Your answer must be the line containing "CUTIE STREET 公式ペンライト きゅーすと ペンラ【点灯確認済】" and each following line to the end of the listing below, copied exactly, with pictures removed and nothing added.

- _Task input_:
+ + + + +
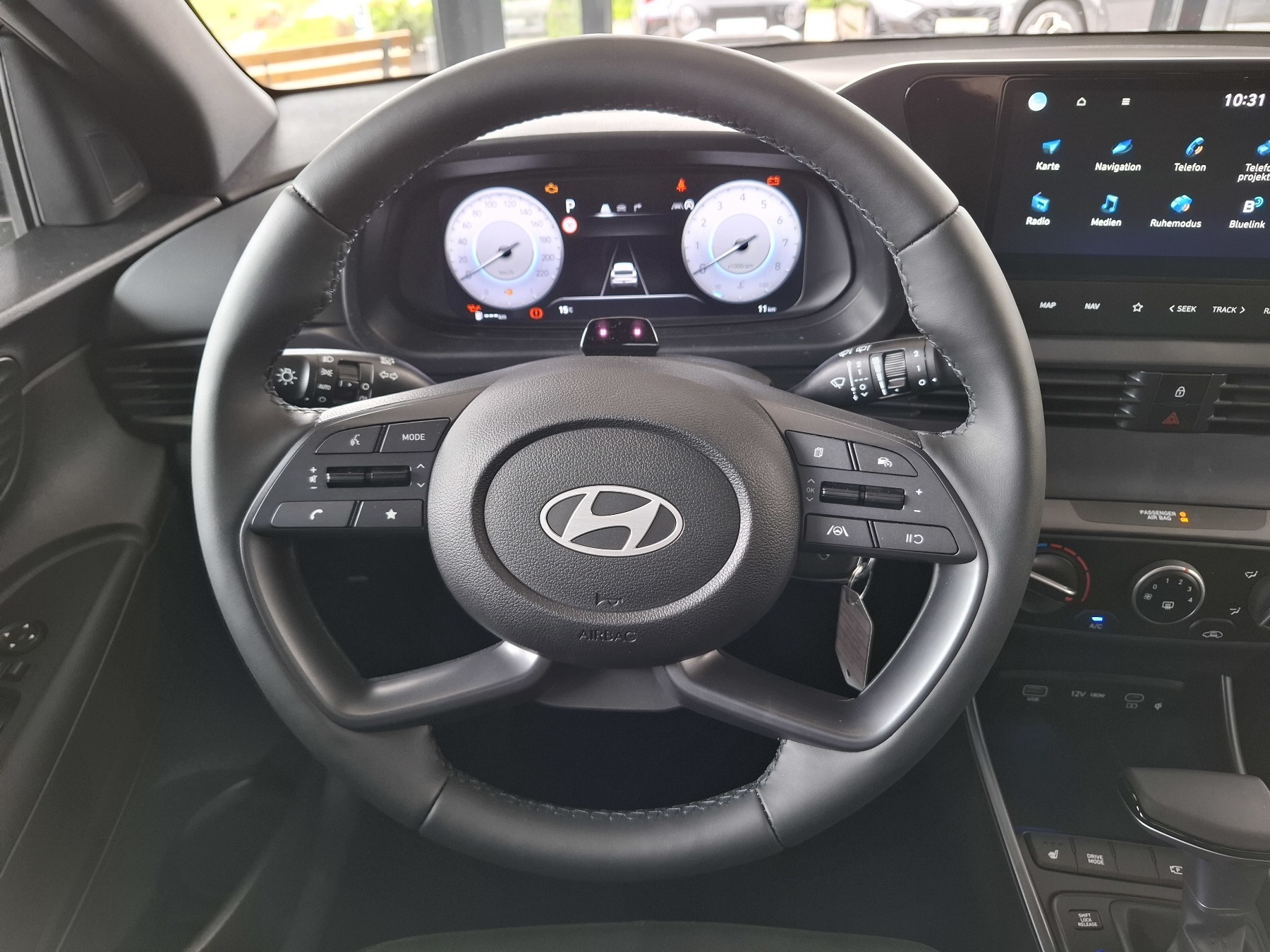 Bild 22 - i20 (MY27) 1.0 T-GDI (90 PS) 7-DCT 2WD Blackline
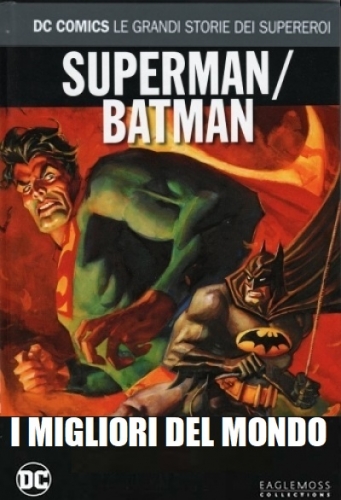 DC Comics: Le Grandi Storie dei Supereroi # 123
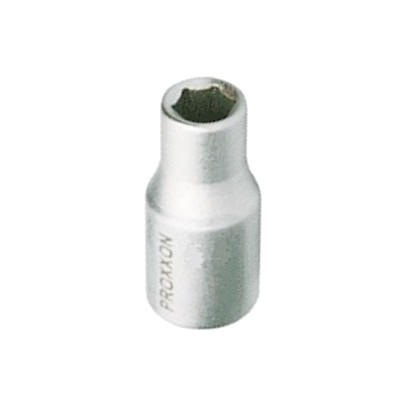 1/4" šešiakampė galvutė PROXXON 4,5mm
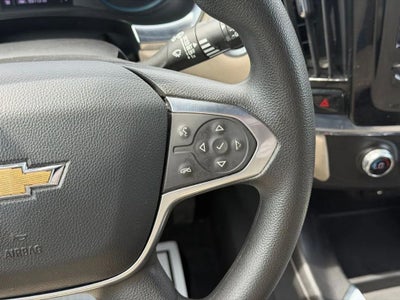 2023 Chevrolet Traverse FWD LS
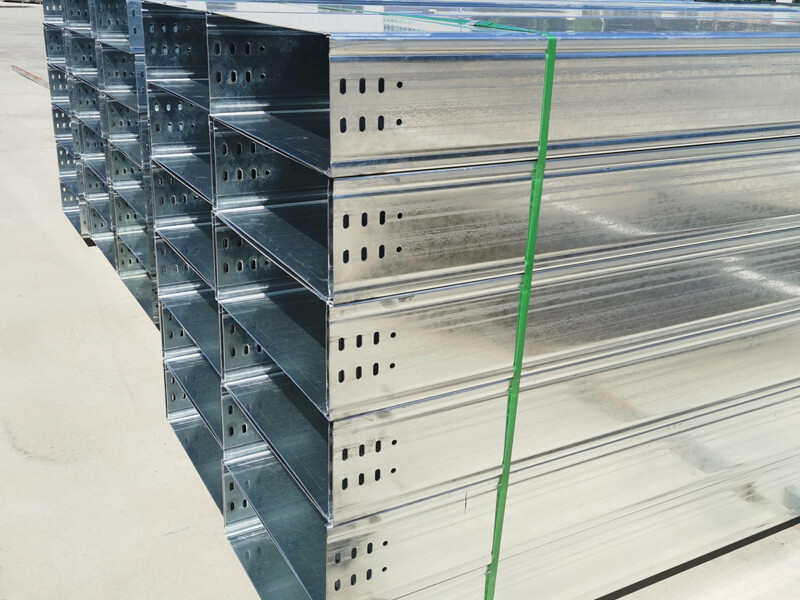 Aluminum Cable Tray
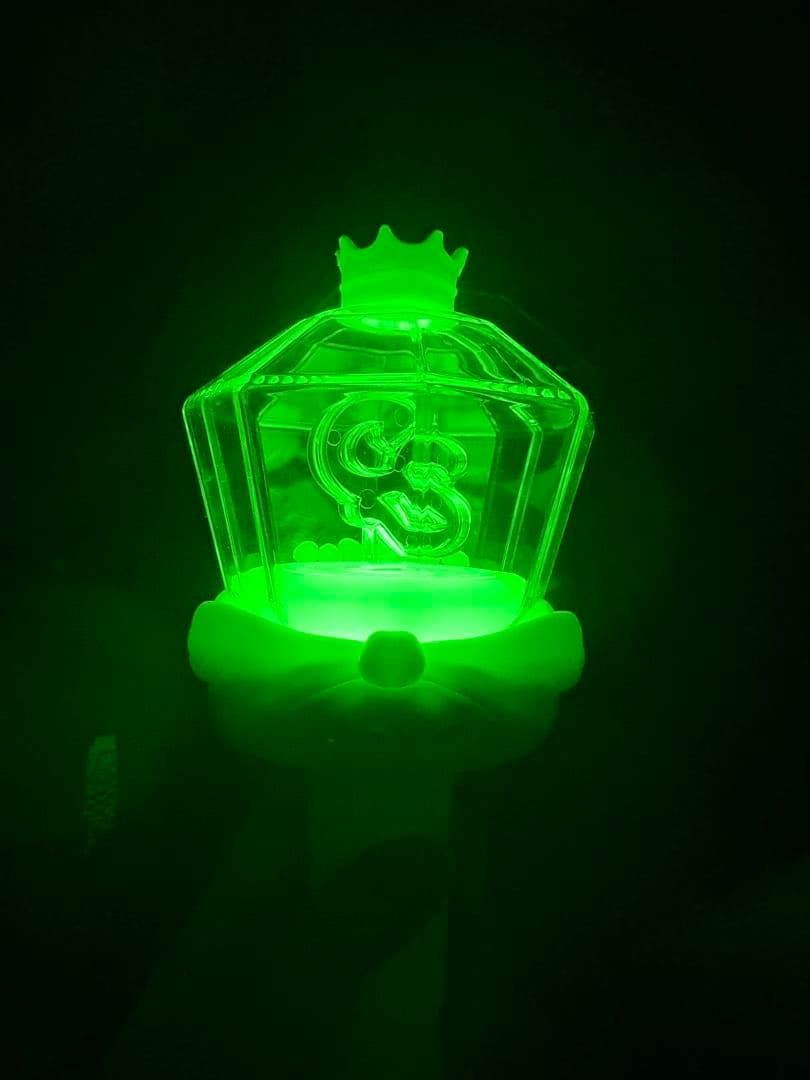 CUTIE STREET 公式ペンライト きゅーすと ペンラ【点灯確認済】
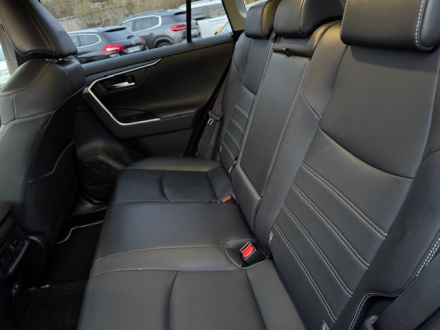 TOYOTA RAV4 occasion seine-maritime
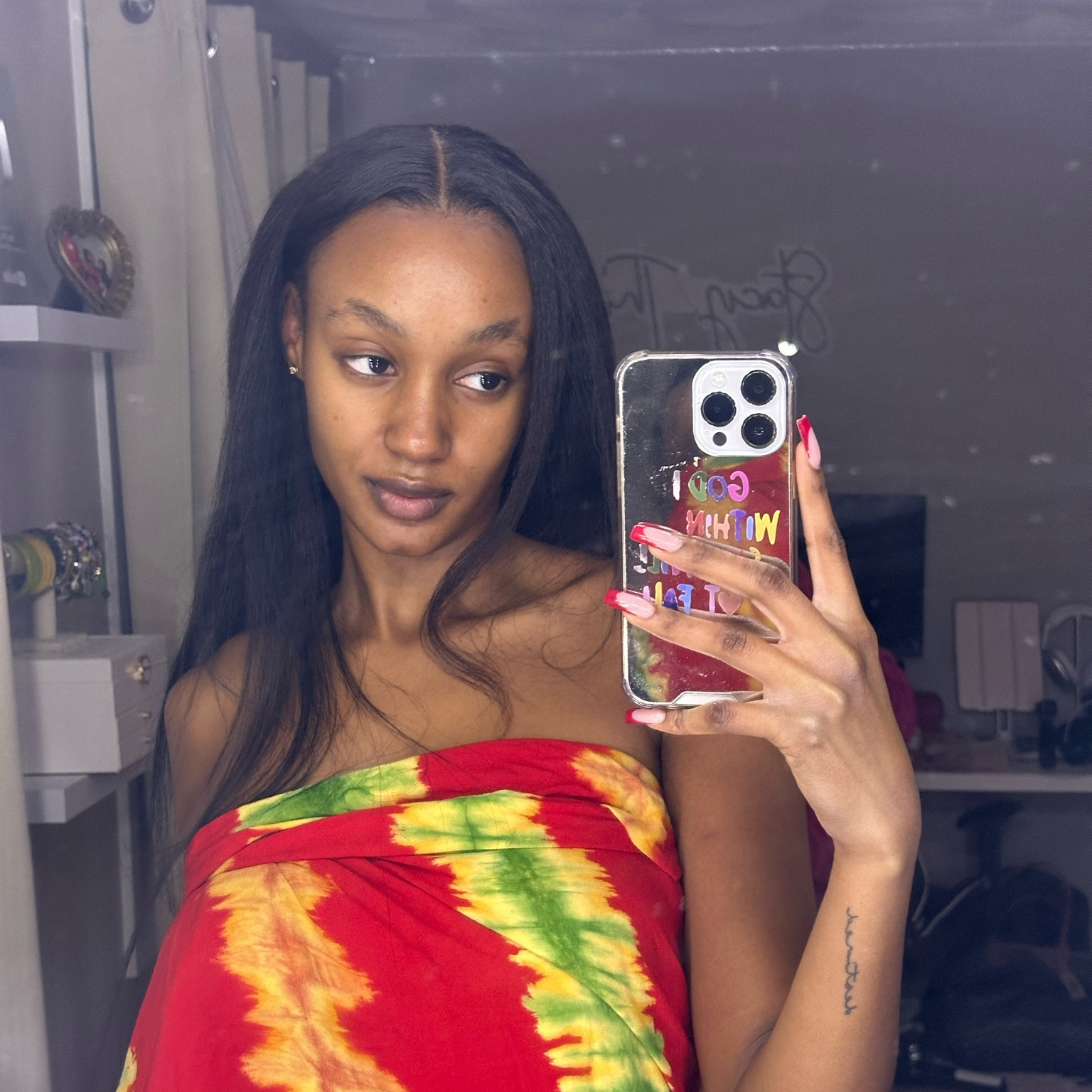 yaki straight bundles 🤭

#LTKBeauty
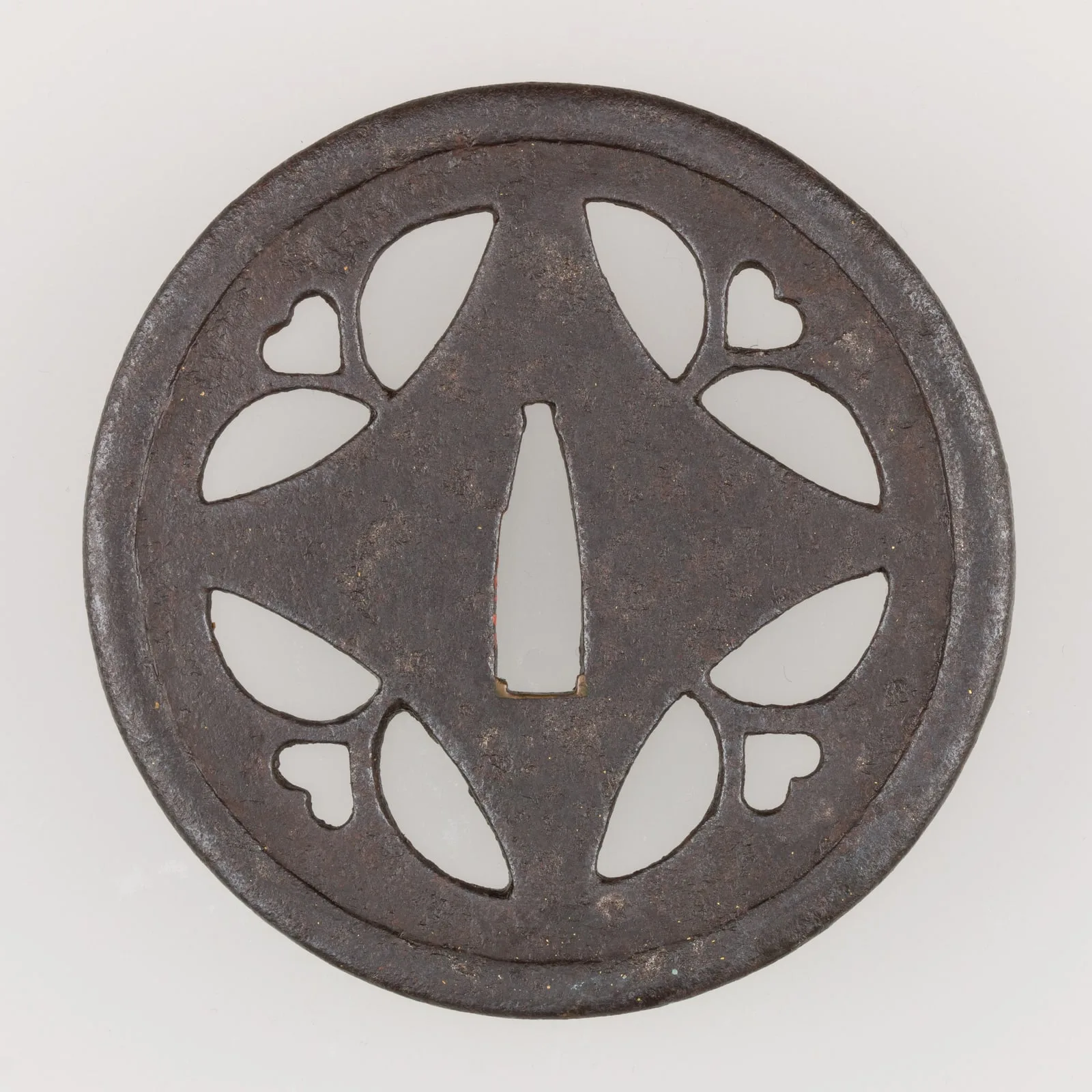 Sword Guard (Tsuba)
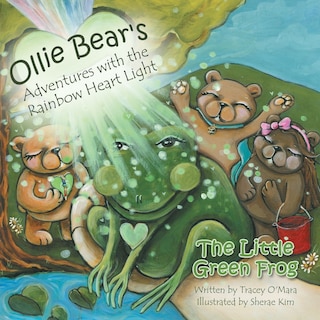 The Little Green Frog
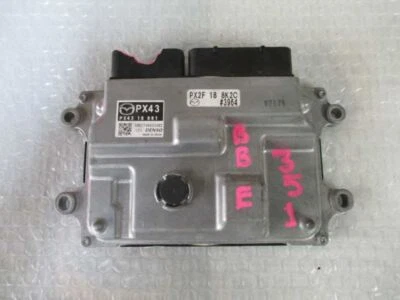 Módulo de control ECM del motor compatible con 19-22 MAZDA CX-3 CX-5 PX43 18 881 PX4318881 Foto 1 de 4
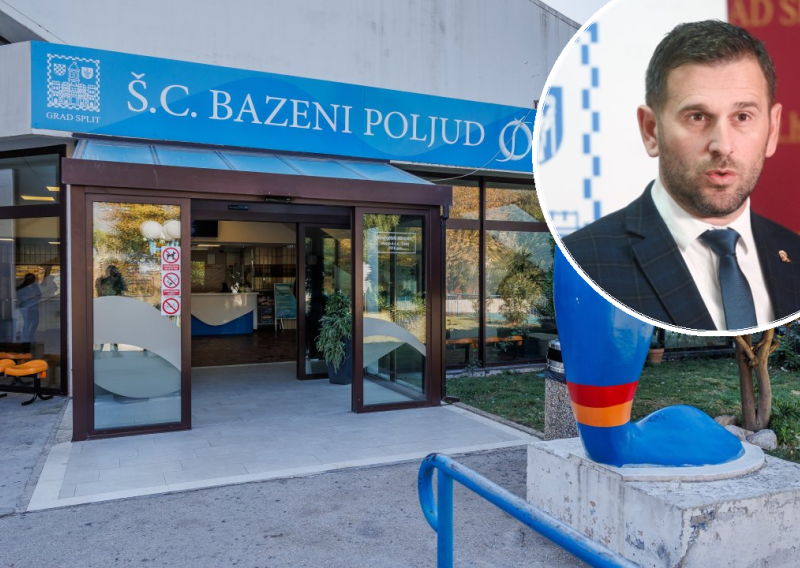 Sedmero ljudi zatražilo pomoć zbog bazena u Splitu: Javio se Šuta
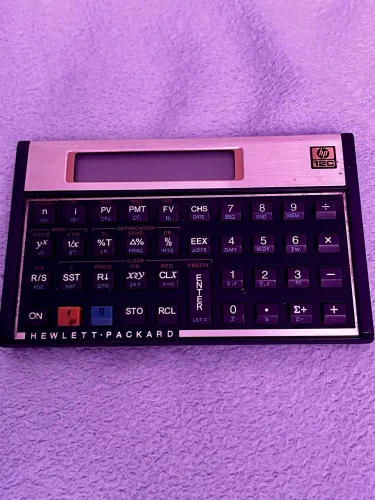 Calculadora HP 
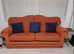 3 seater + 2 seater + foot stool sofa set from scs can deliver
+ + + + +
- _Result for this task_:
 CUTIE STREET 公式ペンライト きゅーすと ペンラ【点灯確認済】
 TOYOTA RAV4 occasion seine-maritime
 yaki straight bundles 🤭

#LTKBeauty
 Sword Guard (Tsuba)
 The Little Green Frog
 Módulo de control ECM del motor compatible con 19-22 MAZDA CX-3 CX-5 PX43 18 881 PX4318881 Foto 1 de 4
 Sedmero ljudi zatražilo pomoć zbog bazena u Splitu: Javio se Šuta
 Calculadora HP 
 3 seater + 2 seater + foot stool sofa set from scs can deliver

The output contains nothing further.